Engineering Path for AI Defect Detection in PV Inspection: From Training Set to the Production Line

Almost every PV inspection vendor's pitch deck mentions "AI defect detection." The reality on the shop floor is less romantic: great demos, very few stably-running production AI systems. The bottleneck is not the algorithm — ResNet, EfficientNet, Transformer architectures all handle image classification just fine. The bottleneck is the engineering path from algorithm to line.

This article distills MVCreate's experience building production AI into SC-EPL, SC-PLEL-PS, SC-MC-W and SC-Seed, and lays out the full path.

1. Why "Just Train a Net" Fails in PV

Versus generic vision tasks (cat/dog classification, face recognition), PV defect detection is structurally different:

1.1 Many defect classes, extreme class imbalance

Common PV defects run to 30+ types: hidden crack, broken finger, dark corner, dark spot, dark edge, concentric ring, snake line, cold solder, over-etch, mismatch, PID, hotspot precursor, moon-crescent mark, dislocation line, fiber anomaly, and more. All need to be recognized.

But distribution is brutally imbalanced — tens of thousands of hidden-crack examples per year versus hundreds of snake-line examples. Vanilla classification loss severely overfits to majority classes under this long tail.

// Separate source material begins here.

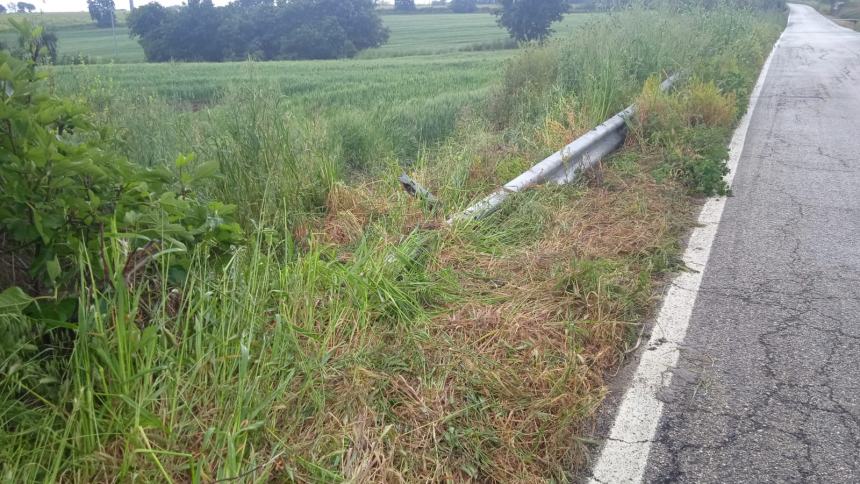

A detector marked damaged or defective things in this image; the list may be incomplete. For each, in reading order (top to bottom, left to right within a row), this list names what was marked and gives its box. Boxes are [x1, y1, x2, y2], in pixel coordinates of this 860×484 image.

crack in road surface [588, 4, 860, 484]
cracked asphalt [636, 4, 860, 484]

1.2 Highly subjective defect boundaries

What counts as a "significant hidden crack"? What is a "mild crack, pass"? Even experienced inspectors agree only ~80% of the time on the same image. This is a natural source of label noise.

1.3 Zero-tolerance on the line

An AI grader that misses a severely cracked module and lets it ship to the downstream customer incurs rework costs on the order of 100× the inspection cost. This zero-tolerance regime puts extreme pressure on recall — especially recall on severe defects.

2. Six Stages of the Engineering Path

Stage 1 — Data collection and labeling

The most expensive, most tedious stage. It also sets the ceiling for everything that follows.

Diversity matters. The training set must span:

Multiple production lines (different cameras, different lighting)
Multiple cell technologies (mono, multi, TOPCon, HJT, perovskite)
Multiple process regimes (normal, edge-of-spec, fault batches)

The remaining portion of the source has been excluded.